On the other hand, high-quality feedback is actionable and specific. Say your friend reads your script and returns with the following feedback: “Your protagonist was really funny and engaging. However, I’m not sure he evolved as much as he could have, though, and his ending felt too easy and unearned. Maybe he just didn’t have to make enough sacrifices to get the girl and the dream job?” In this case, your friend has given you a golden gift. They’ve let you know what you’re doing well (making a character generally interesting and writing comedy) and what has room for improvement (crafting an overall character arc). It might sting a little to know that your character development didn’t jump off the page quite as you had hoped. Before you delete this friend from your contacts, however, go re-read your script with their words in mind. You might see your script from a new angle, and with new insight.

It stands to reason that the characteristics of low-quality feedback can be deduced from the above descriptions. And for the most part, they can: low-quality feedback is general and superficial, and it is often hard to take action based on its content. Further examples include statements like, “The ending was good,” and “Your side characters were annoying.” This kind of feedback will always leave you haunted by the internal scream of “Why?! What makes it so?” We can call this low-fat feedback: it’s a pale, unsatisfying imitation of the real thing.

Brace yourselves, because some of you are not going to like this next truism. Low-quality feedback is not when the reader admits they ‘don’t get it.’ Not always, at least. If you have the smallest modicum of trust in this particular reader, then you need to take ‘not getting it’ as a signal that it’s time for some major re-evaluations of your script, particularly when it comes to your artistic intent versus the impact on the reader.

Sometimes, especially when feeling the pressure to justify their art by making it supremely ‘unique,’ a writer conceives of a unique storytelling device, only to have it completely obscure the story itself. In this case, you might have intended for your nonlinear storytelling to convey some meaning about the fallibility of human memory. But if your readers walk away with a poor comprehension of the plot and character development, you likely missed some key storytelling marks.

Another common disconnect between intention and impact in screenwriting occurs with romantic relationships. A quiet moment between love interests may be intended as sweet and touching, but comes off tired and dopey; a male character’s dogged pursuit of a female character may be intended as passion-filled and fate-bound, but comes off creepy and obsessive. At the heart of these issues is tone, and the best way for a new (or even intermediate) screenwriter to get a handle on tone is by examining the impact of their writing upon their readers.

Judging the Judgment

Not all feedback is created equal. So, yes, I am effectively giving you permission to not take some of the feedback you’ll receive in your writing career seriously. I am also strongly suggesting that you solicit feedback from the best sources. Don’t hand over your cerebral political drama to that friend who spends his nights gorging on unscripted television. Conversely, don’t offer up your lighthearted children’s adventure to that oh-so-edgy acquaintance from work who has a very specific, very limited definition of what she tolerates as ‘art.’

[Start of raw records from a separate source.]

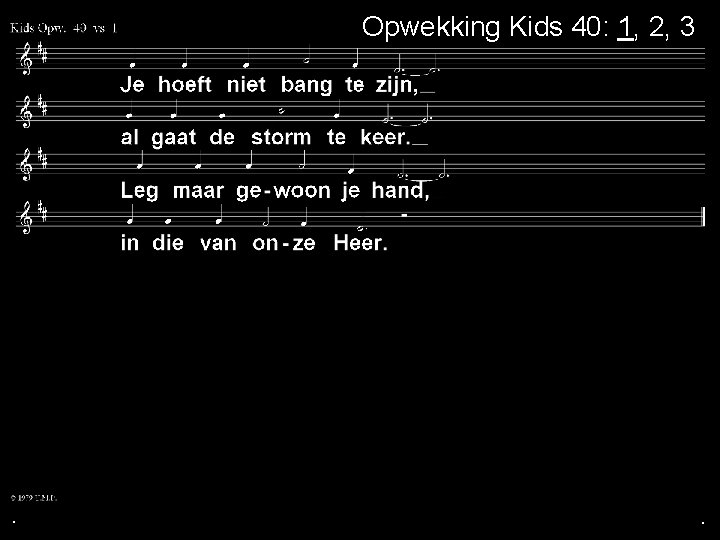 Opwekking Kids 40: 1, 2, 3 . . . 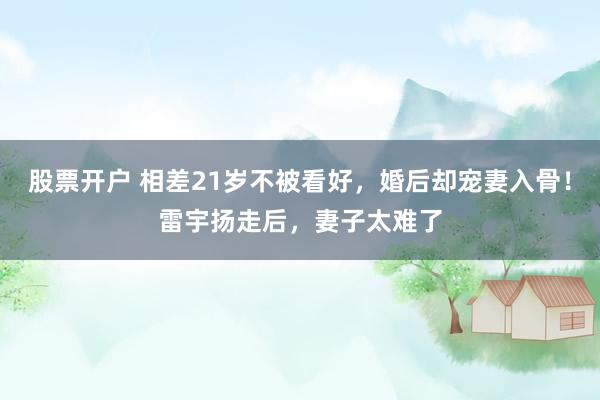 股票开户 相差21岁不被看好，婚后却宠妻入骨！雷宇扬走后，妻子太难了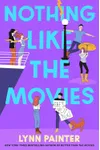 Nothing Like the Movies
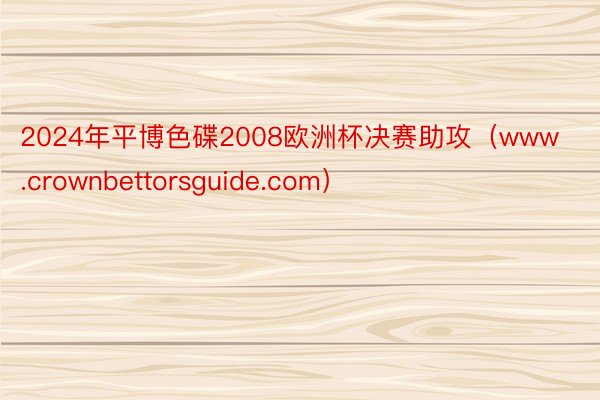 2024年平博色碟2008欧洲杯决赛助攻（www.crownbettorsguide.com）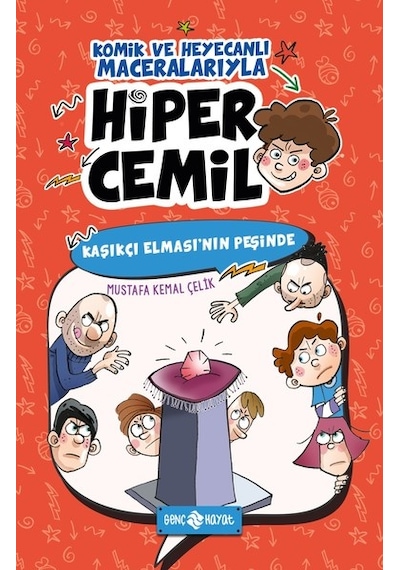 Kaşıkçı Elması'nın Peşinde-Hiper Cemil 2 - Mustafa Kemal Çelik - Genç Hayat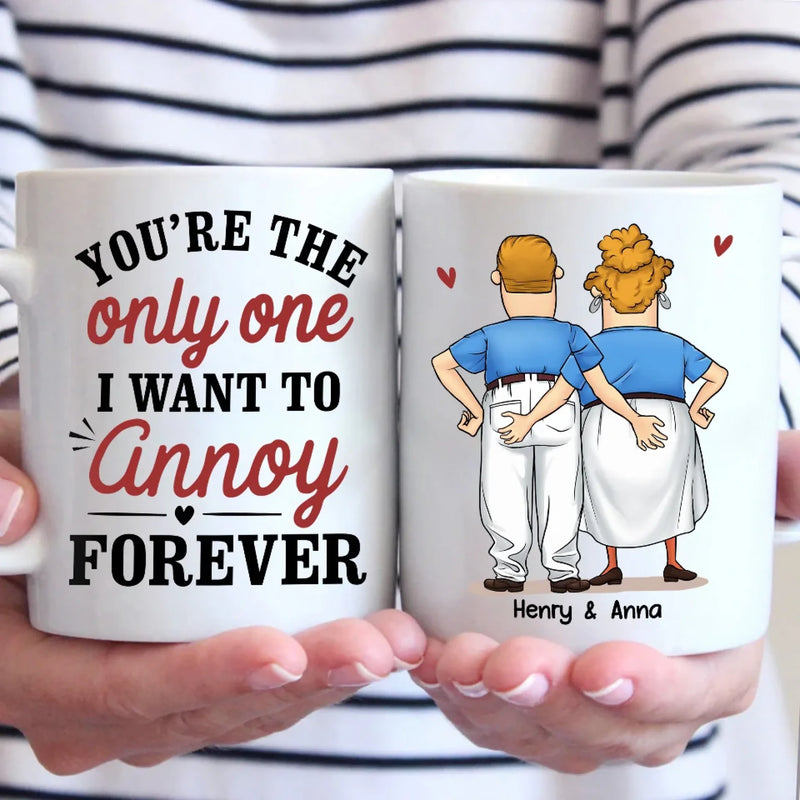 You're The Only One I Want To Annoy Forever - Couple Personalized Custom Mug - Gift For Husband Wife, Anniversary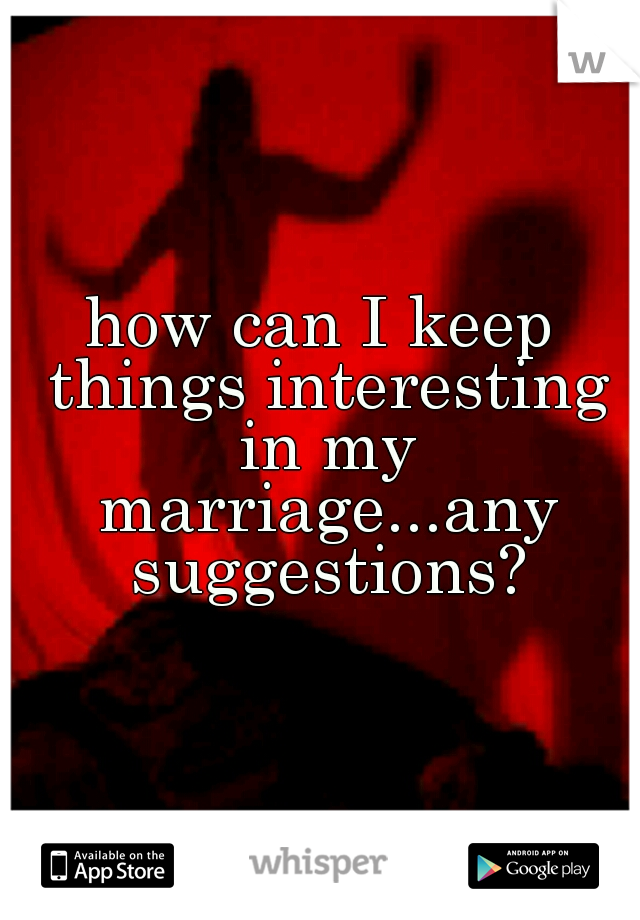 how can I keep things interesting in my marriage...any suggestions?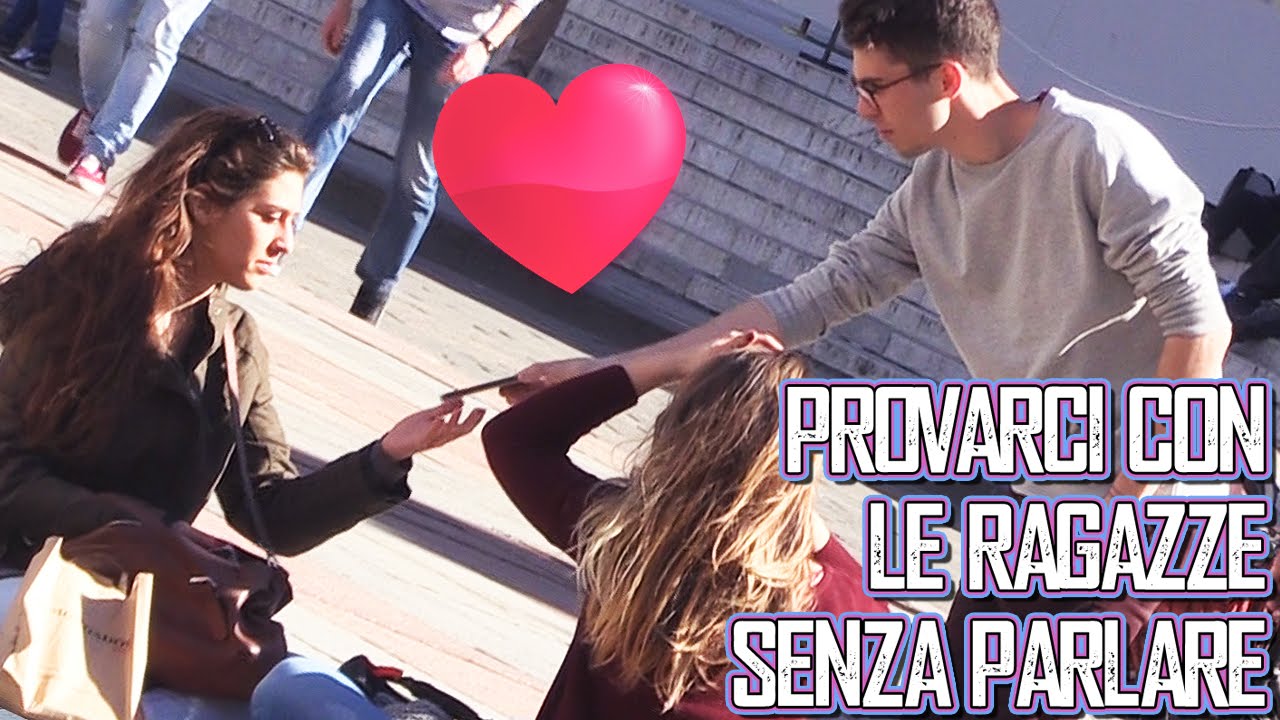Provarci con le Ragazze senza Parlare - Relative - YouTube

You always have the option to pay a professional for feedback, as well. This removes any bias inherent in having a friend or family member read your work, and ideally it will improve the quality and quantity of advice you will receive as well. Before you Venmo a stranger a small fortune, however, see if they can provide a template for the kind of critique that they’ll be providing or, better yet, a sample critique for another client. Your money will be better spent on someone with an organized approach who delivers actionable and specific feedback.

Whichever path you choose, it will always be up to you to decide which advice to act on, just as it will always be your choice to implement changes based on intent-versus-impact discrepancies. Approach feedback with an open mind and a heavy dose of prudence, and you’ll find yourself readier than ever to evolve and refine your screenplay.